After leveling at our assigned altitude of 2,000 feet, we were cleared direct to the projected position of the Nimitz, a waypoint of geographical coordinates that had been calculated and provided to us before departure and then loaded into our handheld GPS receivers. (Although a carrier obviously is a ship, naval aviators call them boats.)
The landing area of the Nimitz is only 600 feet long but would be shortened somewhat by a safety net that would be raised near the end of the canted deck to ensure that we wouldn't roll off the end. We were not equipped with a tailhook and had to land and stop conventionally. If we couldn't stop in the short distance, we were to pull the mixture control and slow the prop before hitting the net.
I mentally reviewed what I had learned when practicing landing on the "carrier box" painted on the Navy's runway at San Clemente Island (southeast of Los Angeles).

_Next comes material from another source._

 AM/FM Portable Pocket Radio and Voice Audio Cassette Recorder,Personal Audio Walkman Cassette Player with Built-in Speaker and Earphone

We needed to pass over the deck's threshold at 7 knots above stall in a slightly nose-high attitude. There was no room for flaring and floating, just a firm touchdown and heavy braking. The four arresting cables (normally elevated 4 inches above the deck) would create problems for a lightplane, so they were stripped away for our landing, a process that takes only a minute for sailors aboard the Nimitz to perform.

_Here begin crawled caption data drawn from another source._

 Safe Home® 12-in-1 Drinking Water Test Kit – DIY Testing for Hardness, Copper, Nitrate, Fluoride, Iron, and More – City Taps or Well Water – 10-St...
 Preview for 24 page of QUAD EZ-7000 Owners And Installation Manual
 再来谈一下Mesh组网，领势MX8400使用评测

Although my landings at San Clemente were made with little wind, the speed of the Nimitz would be adjusted to assure us a 25-kt headwind and no more than a 7-kt crosswind. We had been warned about possible turbulence downwind of the carrier's superstructure.
I had wanted to make this flight in my Citabria, but it was agreed that we would be better off with tricycle gear. Turning crosswind off the canted deck and into tight quarters with a strong wind could pose problems for a taildragger. And the runway might not be long enough for either a wheel landing (because of the extra airspeed) or a flare into a full-stall landing. The Cessna 172 fit the bill nicely.
Navy aircraft locate the Nimitz by tracking toward the ship's TACAN station (tactical air navigation aid — essentially a military VOR). Lacking the necessary avionics, we received only the DME portion of the TACAN, which began indicating when we were 50 miles distant.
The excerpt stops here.